It is very useful to me, even though I know some webdev. For projects where you need to expose majorly python functionality on the web, and don't want to add whole other dimension and toolkits to your python code, this is brilliant.

wiseowise 3 days ago

> because the tooling and patterns change almost daily.

That is just plain wrong. And that comes from someone who stayed from web dev for the same reason. Nowadays it’s vite/esbuild and you’re good to go.

And you don’t need any web framework to come up with basic ui.

touch index.html; touch styles.css; python3 -m http.server

And you’re good to go.

> "I know a fair amount about computers, I want to write a web application," is just about as fanciful as saying, "I know a fair amount about airplanes, I want to design a jet engine."

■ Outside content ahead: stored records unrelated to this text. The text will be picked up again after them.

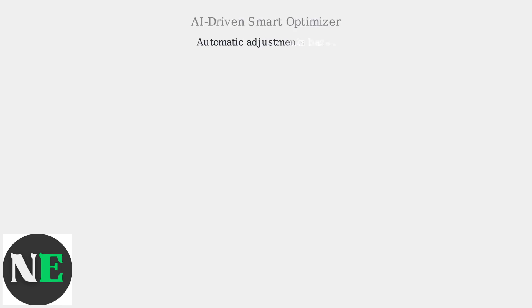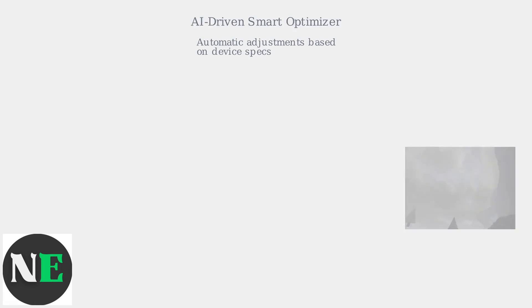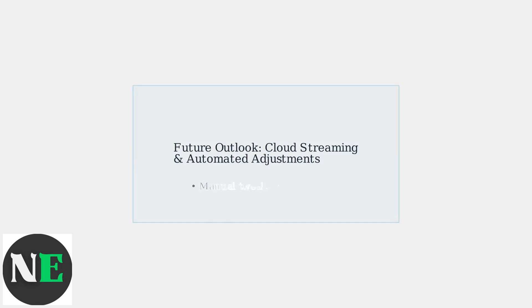Roblox is also developing an AI-driven Smart Optimizer to automatically adjust settings based on device specs, potentially halving memory issues for casual players. While manual tweaks are still relevant, the future of Roblox memory optimization lies in cloud streaming and automated adjustments.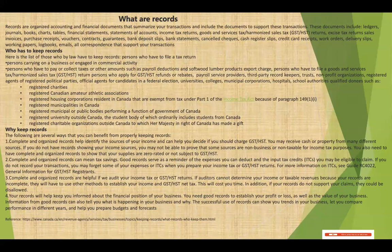Also, universities, colleges, and municipalities have to keep records. Authorized donors also have to keep records, such as registered charities, registered Canadian amateur organizations, registered housing corporations, and residents or registered municipalities in Canada.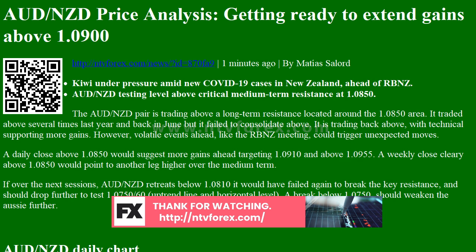AUDNZD daily chart overview: today's last price 1.0882, daily change +0.0035 (+0.32%), daily open 1.0847. Daily SMA 20: 1.0742, SMA 50: 1.0703, SMA 100: 1.0632, SMA 200: 1.0537. Previous daily high 1.0876, previous daily low 1.0823, previous weekly high 1.0866, previous weekly low 1.0716, previous monthly high 1.0802.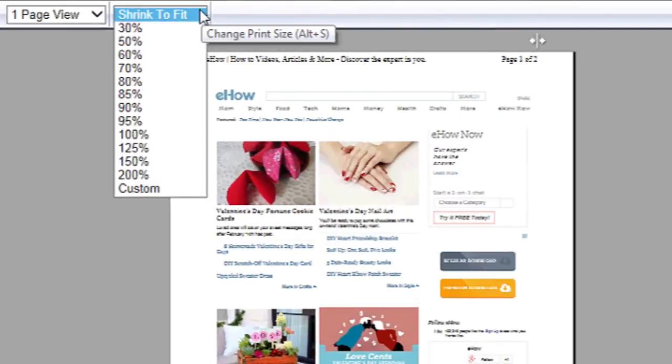Hi, my name is Luke and this is how to increase print size. If you'd like to increase the size of something you're trying to print, one way you can do it is by increasing the font size in Microsoft Word.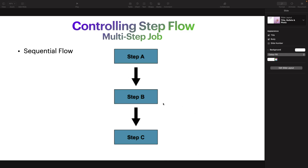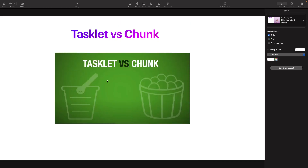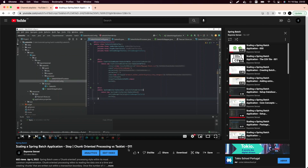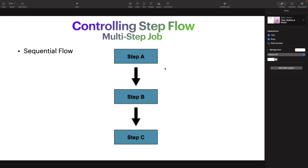For this particular example, we are going to use a new concept called Tasklet. If you are new to this channel, we have a video called 'Chunk-Oriented Processing versus Tasklet' — if you want to understand chunk-oriented processing, go watch that video and come back. For now, we are going to use the Tasklet to implement our second step in order to achieve this multi-step job requirement.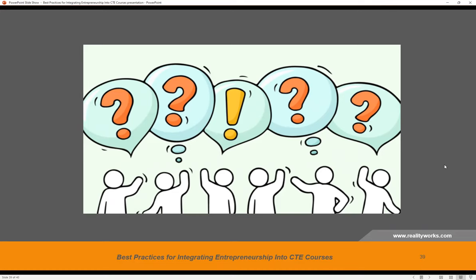I'm not seeing any additional questions coming in at this time. Thank you all for attending our best practices for integrating entrepreneurship into CTE courses. We hope that you found a few easy ways to integrate activities to bring entrepreneurship into your pathway program.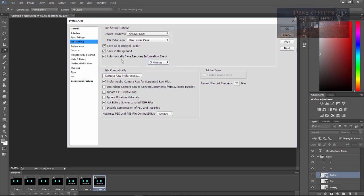So setting this at five minutes, it will save every five minutes so that if you do have a crash, you won't lose as much data as what I just did.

This analogy makes no sense.

  • jononor 3 days ago

    Last time I (kinda halfway / didn't) learned frontend it was react-create-app. Before that webpack. And before that grunt.

    You do not need a framework if you really know CSS and HTML5 well, but that is exactly "knowing the whole stack" - which was the parents point.

    • RHSeeger 3 days ago

      > Before that webpack. And before that grunt.

      I do back end web development, but need to be able to build and run the whole thing locally. I've been through webpack, and grunt, and.. um.. something before that. And throughout it all, I have a make file that has targets for 'clean', 'build', 'NOTEST=true' (to prevent tests from running), etc... specifically because I find it super frustrating when we need to move from one build system to another, and trying to remember which one _this_ project is on, and how that one does each thing, etc.

      So every time we add (switch to, but really add) a new build system, I update the Makefile to be able to build with that system, and then just use make to build everything and completely ignore what's doing the actual build :)

    • wiseowise 3 days ago

      > Last time I (kinda halfway / didn't) learned frontend it was react-create-app. Before that webpack. And before that grunt.

      You’re describing more than 10 years of evolution here. That’s hardly daily.

      These days it’s npx vite build, what’s there to learn?

  • bityard 3 days ago

    Well, both of those things were hyperbole, not really to be taken quite so literally.

Sn3llius 3 days ago

Thank you so much for the kind words! It's always great to read messages like this.